TO DO: Drop the images. Copy every line below character for character.

"""

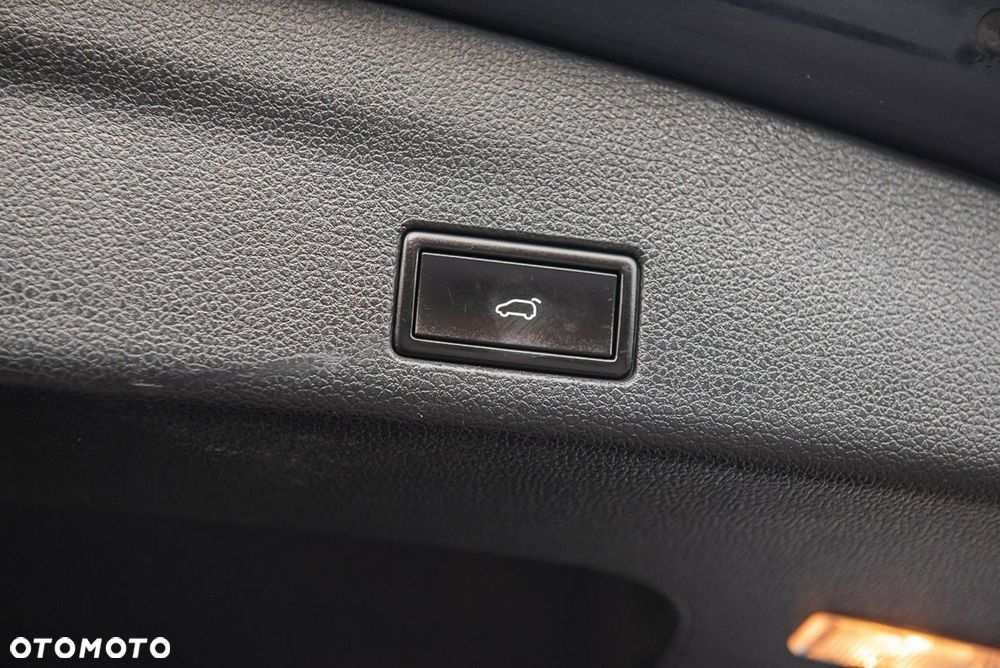 Seat Alhambra 2.0 TDI Start & Stop Crono Plus - 30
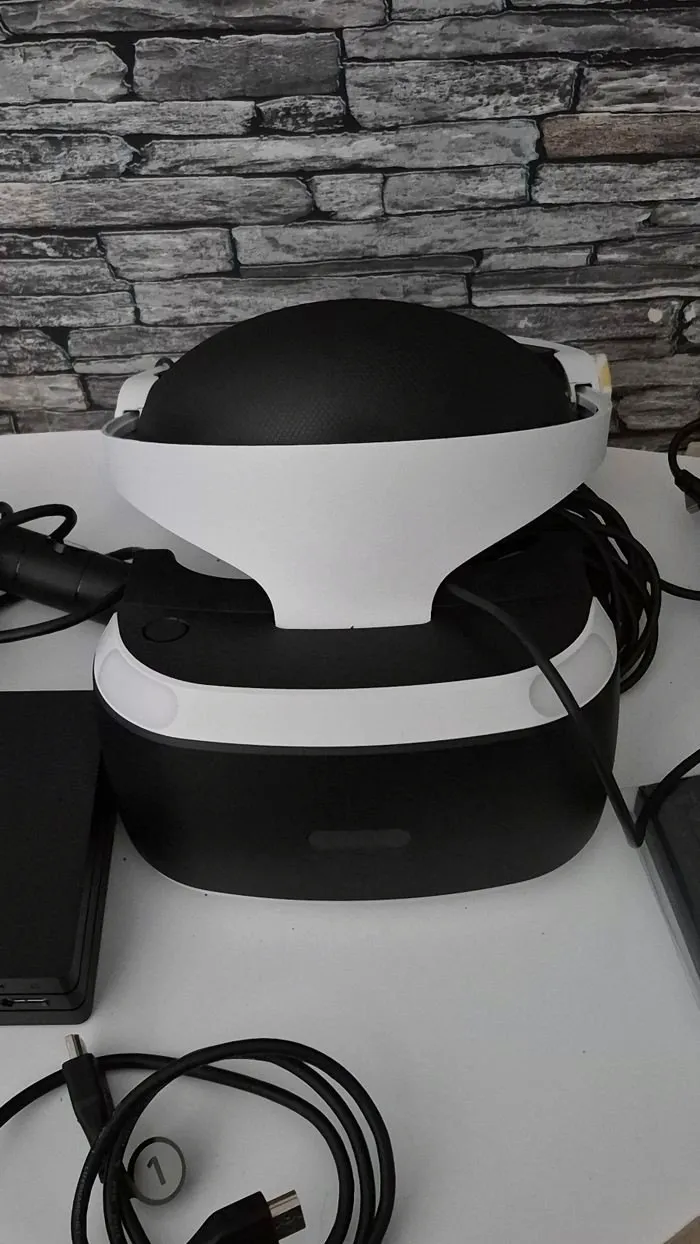 PS4™ ou PS5 6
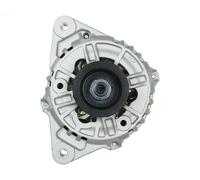 AS-PL A0148 Alternatore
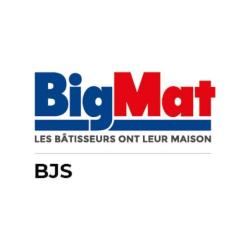 Bigmat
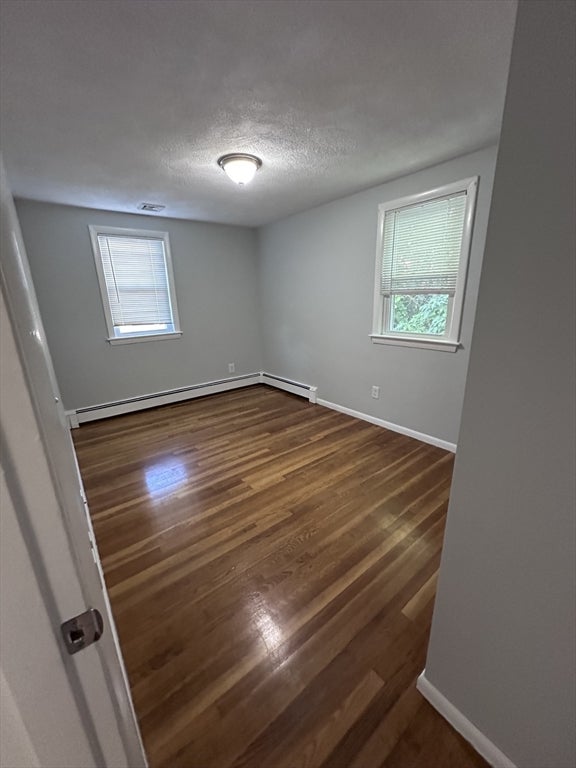 216 Palfrey St #216, Watertown, MA, 216 Palfrey St #216, Watertown, MA Photo #10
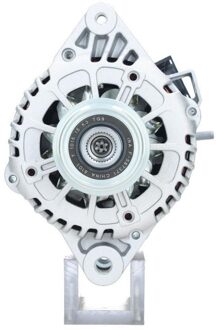 Hyundai Dynamo / Alternator +Line Original 255529130120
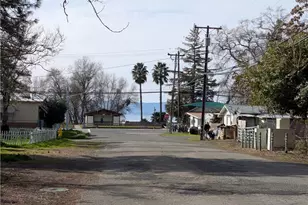 6029 1st Ave, Lucerne, CA 95458 - Photo 5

"""

RESULT OF THE EXERCISE:
 Seat Alhambra 2.0 TDI Start & Stop Crono Plus - 30
 PS4™ ou PS5 6
 AS-PL A0148 Alternatore
 Bigmat
 216 Palfrey St #216, Watertown, MA, 216 Palfrey St #216, Watertown, MA Photo #10
 Hyundai Dynamo / Alternator +Line Original 255529130120
 6029 1st Ave, Lucerne, CA 95458 - Photo 5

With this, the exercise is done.